Melina Lunardelli y Gabriel Castresana. Hace siete años que están juntos. La pareja de guardaparques trabaja en la Unidad de conservación Bahía Samborombón, dependiente del Organismo Provincial para el Desarrollo Sostenible (OPDS). Puntualmente, Gabriel trabaja en la reserva natural Bahía Samborombón. Su área protegida está más destinada a la investigación, a los monitoreos, censos, fiscalización y apoyo a la investigación. Melina, en la reserva natural Rincón de Ajó, está más abocada al ordenamiento territorial, uso público y relaciones con la comunidad. Al mismo tiempo, ambos trabajan en los proyectos de conservación de tres tipos de aves migratorias: gaviotín golondrina, playero rojizo y playero canela.
Tienen fascinación por estas aves, que recorren miles de kilómetros uniendo continentes y responden a la armonía del ecosistema. Una armonía que se ve cada vez más afectada por la acción humana. "Las aves son buenas indicadoras del estado ambiental. Hay cuestiones de impacto que tienen que ver con el hombre y otras con el cambio climático –dice Gabriel, preocupado especialmente por el desfasaje entre el arribo de las aves y el descongelamiento de la tundra. "El ecosistema tiene todo tan bien desarrollado que ellas llegan cuando la tundra se descongela, eso genera una explosión de insectos, o sea, la primavera ártica. Así tienen el alimento, pueden hacer los nidos y reproducirse. Ahora pasa que llegan, está congelado, tienen que volver a volar, con el gasto energético que eso implica, al centro de Canadá o Estados Unidos para dar tiempo el descongelamiento. Hay veces, en cambio, que llegan y ya se descongeló hace dos meses y no están los insectos. Ahí es más tangible ver los impactos del cambio climático".
"Las aves unen comunidades, países, gente. Entonces, buscamos nuclear desde ese lado.

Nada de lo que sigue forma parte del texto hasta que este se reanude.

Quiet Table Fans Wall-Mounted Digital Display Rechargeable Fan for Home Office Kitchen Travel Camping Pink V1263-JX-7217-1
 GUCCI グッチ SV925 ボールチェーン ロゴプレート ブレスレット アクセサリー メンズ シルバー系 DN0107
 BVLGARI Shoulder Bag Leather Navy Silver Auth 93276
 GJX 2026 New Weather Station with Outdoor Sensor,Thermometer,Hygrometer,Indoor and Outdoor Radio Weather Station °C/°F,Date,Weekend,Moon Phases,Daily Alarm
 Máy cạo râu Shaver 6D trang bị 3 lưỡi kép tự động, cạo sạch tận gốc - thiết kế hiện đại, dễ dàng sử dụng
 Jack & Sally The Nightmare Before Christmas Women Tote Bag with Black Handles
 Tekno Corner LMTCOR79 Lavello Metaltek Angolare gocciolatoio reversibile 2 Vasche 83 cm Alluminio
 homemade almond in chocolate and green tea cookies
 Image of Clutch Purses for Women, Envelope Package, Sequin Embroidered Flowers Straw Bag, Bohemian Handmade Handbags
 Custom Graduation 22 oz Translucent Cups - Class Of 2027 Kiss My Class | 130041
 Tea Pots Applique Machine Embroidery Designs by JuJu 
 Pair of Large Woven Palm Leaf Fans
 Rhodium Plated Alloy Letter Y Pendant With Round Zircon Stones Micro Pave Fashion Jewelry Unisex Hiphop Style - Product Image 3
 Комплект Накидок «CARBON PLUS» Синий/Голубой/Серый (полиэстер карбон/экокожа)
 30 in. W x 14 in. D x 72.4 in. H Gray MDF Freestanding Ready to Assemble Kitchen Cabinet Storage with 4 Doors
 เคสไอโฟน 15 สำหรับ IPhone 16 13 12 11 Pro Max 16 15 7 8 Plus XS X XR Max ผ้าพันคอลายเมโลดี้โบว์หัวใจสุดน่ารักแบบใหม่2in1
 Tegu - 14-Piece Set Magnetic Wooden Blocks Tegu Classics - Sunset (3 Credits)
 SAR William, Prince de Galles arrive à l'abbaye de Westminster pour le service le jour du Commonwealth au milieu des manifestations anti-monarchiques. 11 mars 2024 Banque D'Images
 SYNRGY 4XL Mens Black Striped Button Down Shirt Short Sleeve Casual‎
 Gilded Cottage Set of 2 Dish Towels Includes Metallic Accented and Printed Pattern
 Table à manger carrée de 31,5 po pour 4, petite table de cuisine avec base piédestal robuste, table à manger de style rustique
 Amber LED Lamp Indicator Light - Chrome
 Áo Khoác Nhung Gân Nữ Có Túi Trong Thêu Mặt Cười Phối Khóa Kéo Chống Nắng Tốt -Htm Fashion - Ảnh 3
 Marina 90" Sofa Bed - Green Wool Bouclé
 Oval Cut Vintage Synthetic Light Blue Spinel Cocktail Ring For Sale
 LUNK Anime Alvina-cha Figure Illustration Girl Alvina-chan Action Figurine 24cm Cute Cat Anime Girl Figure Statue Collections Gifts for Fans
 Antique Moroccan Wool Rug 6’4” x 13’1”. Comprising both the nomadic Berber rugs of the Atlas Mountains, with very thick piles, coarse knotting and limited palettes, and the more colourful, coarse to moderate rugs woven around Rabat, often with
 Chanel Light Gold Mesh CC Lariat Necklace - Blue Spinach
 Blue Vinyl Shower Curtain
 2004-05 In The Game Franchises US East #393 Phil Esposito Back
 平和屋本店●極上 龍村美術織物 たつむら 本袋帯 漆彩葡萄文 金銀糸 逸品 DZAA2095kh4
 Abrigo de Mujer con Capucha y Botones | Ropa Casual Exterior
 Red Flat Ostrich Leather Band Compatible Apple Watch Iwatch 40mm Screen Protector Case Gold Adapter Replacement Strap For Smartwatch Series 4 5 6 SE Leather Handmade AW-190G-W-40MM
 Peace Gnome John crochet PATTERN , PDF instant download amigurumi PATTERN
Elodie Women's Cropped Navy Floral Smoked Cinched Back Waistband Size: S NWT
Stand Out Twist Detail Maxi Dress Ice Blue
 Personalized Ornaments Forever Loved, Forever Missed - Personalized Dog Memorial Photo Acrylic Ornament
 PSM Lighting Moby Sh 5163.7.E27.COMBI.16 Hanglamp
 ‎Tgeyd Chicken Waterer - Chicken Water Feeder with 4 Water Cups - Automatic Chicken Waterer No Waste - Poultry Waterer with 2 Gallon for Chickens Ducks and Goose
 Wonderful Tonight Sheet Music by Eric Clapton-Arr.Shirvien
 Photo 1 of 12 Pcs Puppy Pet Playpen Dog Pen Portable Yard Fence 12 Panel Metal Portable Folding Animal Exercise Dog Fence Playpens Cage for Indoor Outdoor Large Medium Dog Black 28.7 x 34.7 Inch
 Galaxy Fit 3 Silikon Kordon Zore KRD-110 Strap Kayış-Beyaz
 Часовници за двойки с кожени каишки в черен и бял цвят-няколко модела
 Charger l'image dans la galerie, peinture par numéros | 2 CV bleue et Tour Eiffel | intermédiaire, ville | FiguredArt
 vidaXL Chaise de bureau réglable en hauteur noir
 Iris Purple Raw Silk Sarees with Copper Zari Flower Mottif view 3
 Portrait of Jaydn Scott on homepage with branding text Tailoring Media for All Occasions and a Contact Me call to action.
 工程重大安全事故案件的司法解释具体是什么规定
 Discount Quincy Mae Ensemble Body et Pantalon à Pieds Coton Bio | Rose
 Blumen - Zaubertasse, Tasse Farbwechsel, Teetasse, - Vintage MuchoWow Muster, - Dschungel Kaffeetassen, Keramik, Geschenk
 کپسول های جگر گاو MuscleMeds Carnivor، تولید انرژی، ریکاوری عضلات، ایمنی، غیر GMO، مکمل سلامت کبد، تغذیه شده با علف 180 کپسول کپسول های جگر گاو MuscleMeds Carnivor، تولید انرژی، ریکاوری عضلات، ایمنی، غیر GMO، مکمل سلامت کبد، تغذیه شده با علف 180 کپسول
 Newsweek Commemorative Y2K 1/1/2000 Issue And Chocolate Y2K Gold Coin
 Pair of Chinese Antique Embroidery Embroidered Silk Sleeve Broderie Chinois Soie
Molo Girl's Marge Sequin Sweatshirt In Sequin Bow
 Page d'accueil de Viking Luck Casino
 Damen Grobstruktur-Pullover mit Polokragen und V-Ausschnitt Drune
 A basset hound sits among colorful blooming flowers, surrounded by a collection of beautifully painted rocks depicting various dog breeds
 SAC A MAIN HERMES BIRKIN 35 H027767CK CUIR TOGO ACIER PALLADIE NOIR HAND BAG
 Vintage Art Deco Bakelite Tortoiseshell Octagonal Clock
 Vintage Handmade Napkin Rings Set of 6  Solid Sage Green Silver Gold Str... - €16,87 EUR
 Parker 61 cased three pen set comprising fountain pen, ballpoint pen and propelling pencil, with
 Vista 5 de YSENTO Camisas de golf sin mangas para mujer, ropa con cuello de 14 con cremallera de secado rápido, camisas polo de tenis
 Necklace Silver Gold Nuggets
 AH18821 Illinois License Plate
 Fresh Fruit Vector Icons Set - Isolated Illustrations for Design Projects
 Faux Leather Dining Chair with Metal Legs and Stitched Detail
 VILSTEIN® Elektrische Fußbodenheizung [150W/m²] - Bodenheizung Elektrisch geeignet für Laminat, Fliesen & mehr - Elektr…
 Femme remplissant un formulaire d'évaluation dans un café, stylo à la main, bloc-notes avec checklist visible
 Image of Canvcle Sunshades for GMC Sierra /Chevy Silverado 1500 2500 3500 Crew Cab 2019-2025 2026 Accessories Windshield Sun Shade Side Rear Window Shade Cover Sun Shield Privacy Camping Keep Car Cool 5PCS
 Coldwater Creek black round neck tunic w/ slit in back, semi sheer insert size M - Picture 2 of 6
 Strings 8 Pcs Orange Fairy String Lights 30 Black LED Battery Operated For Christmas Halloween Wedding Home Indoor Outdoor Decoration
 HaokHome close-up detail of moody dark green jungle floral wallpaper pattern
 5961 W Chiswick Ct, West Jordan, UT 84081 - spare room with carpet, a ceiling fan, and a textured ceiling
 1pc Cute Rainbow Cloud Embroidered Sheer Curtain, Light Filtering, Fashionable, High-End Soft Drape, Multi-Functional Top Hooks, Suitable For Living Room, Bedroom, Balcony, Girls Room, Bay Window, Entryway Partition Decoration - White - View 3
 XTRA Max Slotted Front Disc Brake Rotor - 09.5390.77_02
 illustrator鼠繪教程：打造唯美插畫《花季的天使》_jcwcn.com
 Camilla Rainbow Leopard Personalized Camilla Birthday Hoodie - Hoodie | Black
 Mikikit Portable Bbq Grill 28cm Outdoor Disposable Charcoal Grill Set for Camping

El año pasado hicimos un trabajo con chicos de colegios de los distintos países por donde pasan estas aves, para la toma de conciencia del impacto que podemos tener desde temas como los disturbios o la basura", cuenta Melina. La clave, según entienden, es generar información y sentido de pertenencia.
Cintia Tellaeche y Juan Reppucci. Biólogos, se conocieron cuando él se recibió y a ella aún le quedaban tres años de carrera. Tenían amigos en común, pero nunca se habían cruzado en la universidad. "Comencé trabajando con el gato andino a principios de 2005, en un proyecto enmarcado en el Grupo de Ecología Comportamental de Mamíferos (GECM) en la Universidad Nacional del Sur; unos años más tarde comencé a ser también parte de la Alianza Gato Andino", dice Juan, y explica que se trata de una red multinacional creada por profesionales de Argentina, Bolivia, Chile y Perú.
Cintia comenzó a trabajar en el proyecto, primero como voluntaria, en 2007. Luego hizo su tesina de grado en relación al gato andino y unos años después se unió a Alianza. En 2019, comenzó su tesis de doctorado también enfocada en la especie. "Ambos vivíamos en Bahía Blanca, pero nos dimos cuenta de que para realizar tareas de conservación es muy importante estar cerca del lugar. En 2015, nos mudamos al NOA, que nos permite encontrar puntos de colaboración e interacción en la zona, tanto con instituciones, como con otros investigadores y con las comunidades locales con las que trabajamos", amplía Cintia, recalcando que una de las ventajas de trabajar con la pareja es que cada uno entiende la dinámica del trabajo, que implica a veces varias semanas o incluso meses fuera de casa.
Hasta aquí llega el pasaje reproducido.